Seoul Policy


Environmental Policy of Seoul

Seoul Metropolitan Government, the host city of the ICLEI World Congress 2015, has joined the ICLEI network in 1995 and has been an active Member since then. Seoul is currently hosting the ICLEI East Asia Secretariat and Mayor Park Won-Soon serves as the chair of World Mayors Council on Climate Change (WMCCC). It is a leading city in the environmental policy area and promotes many innovative policies in the related field.
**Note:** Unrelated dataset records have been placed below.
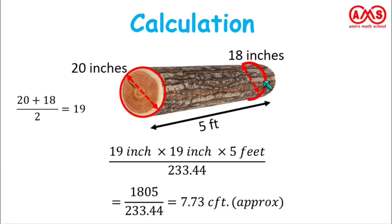In this formula, we measure the diameter of the log at two places, then average those two measurements. The average diameter times average diameter times the length in feet, divided by 233.44, gives the approximation of how much wood we can get from this wood log.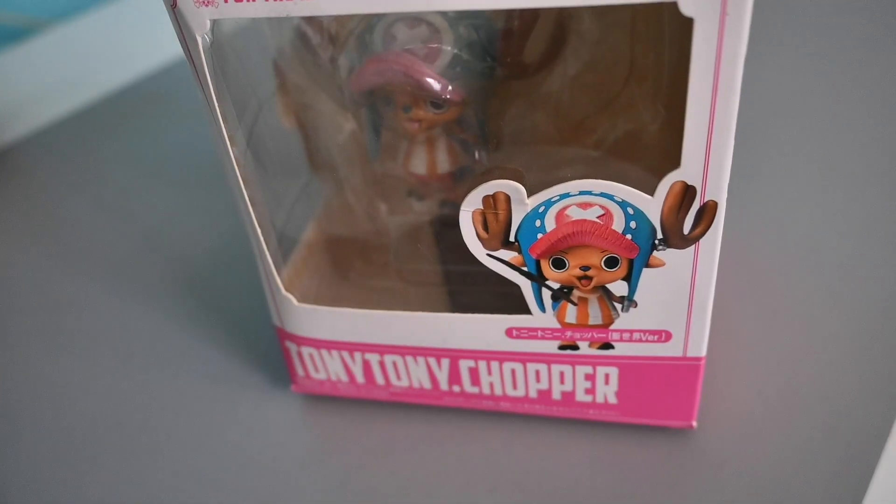Hi, Alex here. Today I'll be reviewing this Tony Tony Chopper figure from the One Piece series.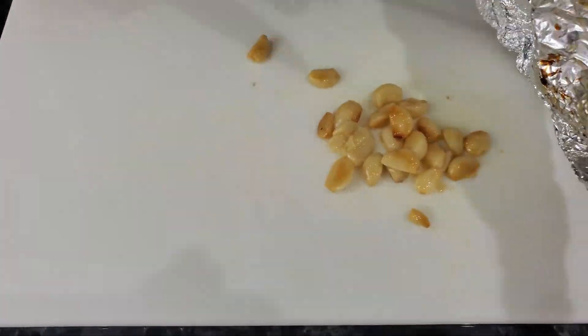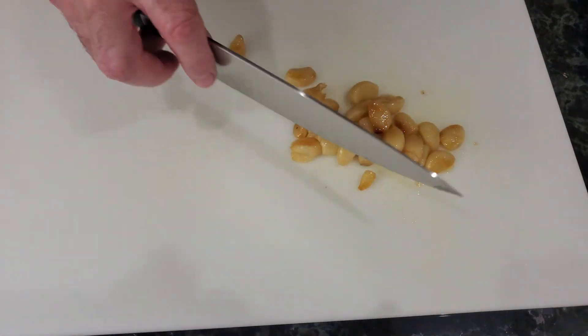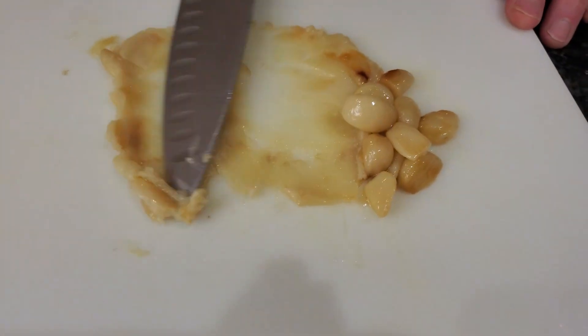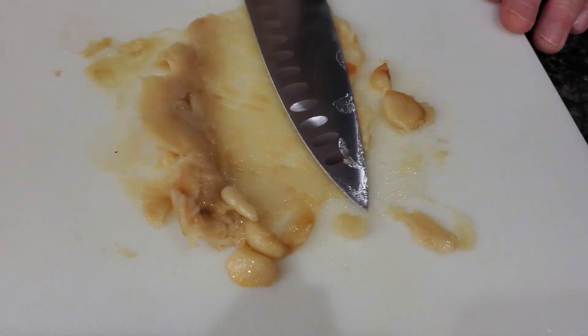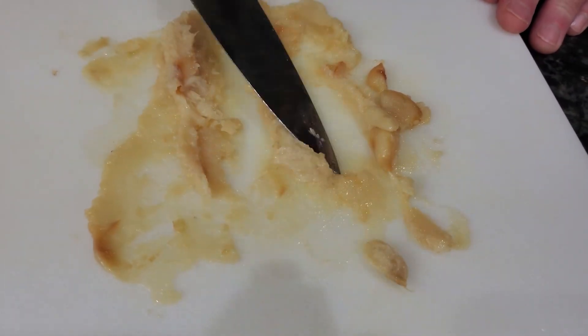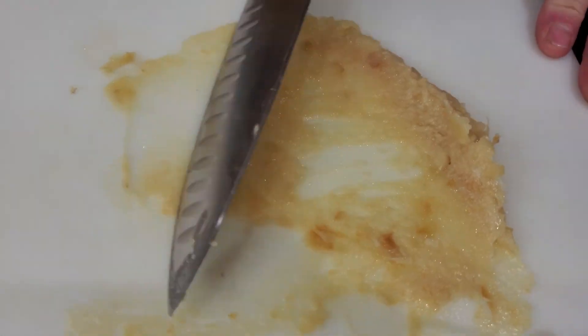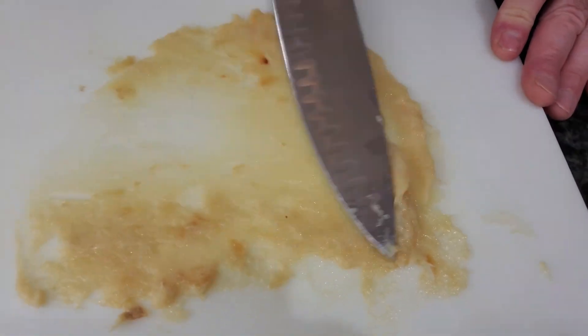We're going to put it out on a cutting board and make a garlic paste out of this. You'll notice I'm not even chopping it — I'm just spearing it. It's going to be a beautiful paste which will whisk right into the mashed potatoes. It tastes really beautiful.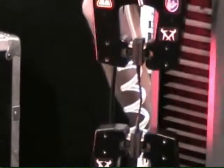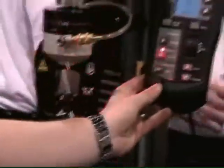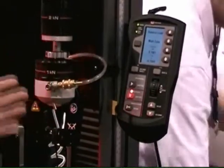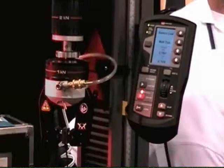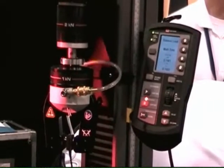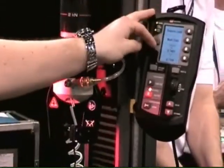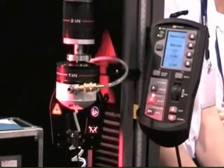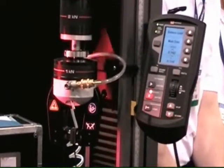Another nice usability feature of the 5900 is this handset. The operator can program the method in the test in the software, and then come to the machine, run all their testing, and not have to go back between the frame and the software. You have some live displays, soft keys that can be programmed, and in the future we hope to have results and other information available.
One Less Nuclear Power Plant Initiative

Demonstrating strong international leadership in the fight against climate change, Seoul continues to be a leading example of a sustainable mega-city through various initiatives in their environmental policy. To address the challenges that the city is facing as the most densely populated city and the largest energy consumer of the country, Seoul is proactively planning to shift the city’s energy demands onto new and renewable sources. The cornerstone strategy of Seoul Metropolitan Government’s environmental policy is the One Less Nuclear Power Plant initiative. One Less Nuclear Power Plant aims to save energy equivalent to shutting down one nuclear power plant. The initiative will develop resources including solar power, combined with energy saving retrofitting, to lower energy consumption and cut greenhouse gas emissions by 40 per cent by 2030 (from 1990 levels).


Seoul has paired ambitious sustainability targets with a focused commitment to citizen engagement, earning accolades including the United Nations Public Service Award in 2013 for its innovation and responsiveness in public administration.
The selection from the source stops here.